* _REQUIRED ACTION_: Produce an exact transcript of all the records.

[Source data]

[Start of section]

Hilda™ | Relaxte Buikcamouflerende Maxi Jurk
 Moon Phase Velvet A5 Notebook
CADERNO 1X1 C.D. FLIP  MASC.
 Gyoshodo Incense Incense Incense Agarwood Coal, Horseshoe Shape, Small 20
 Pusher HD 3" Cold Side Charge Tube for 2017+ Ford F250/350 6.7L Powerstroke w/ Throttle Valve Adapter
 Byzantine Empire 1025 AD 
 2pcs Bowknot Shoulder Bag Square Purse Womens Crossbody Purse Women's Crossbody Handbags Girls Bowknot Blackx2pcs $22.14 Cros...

[End of section]

* _COMPLETED TASK_:
Hilda™ | Relaxte Buikcamouflerende Maxi Jurk
 Moon Phase Velvet A5 Notebook
CADERNO 1X1 C.D. FLIP  MASC.
 Gyoshodo Incense Incense Incense Agarwood Coal, Horseshoe Shape, Small 20
 Pusher HD 3" Cold Side Charge Tube for 2017+ Ford F250/350 6.7L Powerstroke w/ Throttle Valve Adapter
 Byzantine Empire 1025 AD 
 2pcs Bowknot Shoulder Bag Square Purse Womens Crossbody Purse Women's Crossbody Handbags Girls Bowknot Blackx2pcs $22.14 Cros...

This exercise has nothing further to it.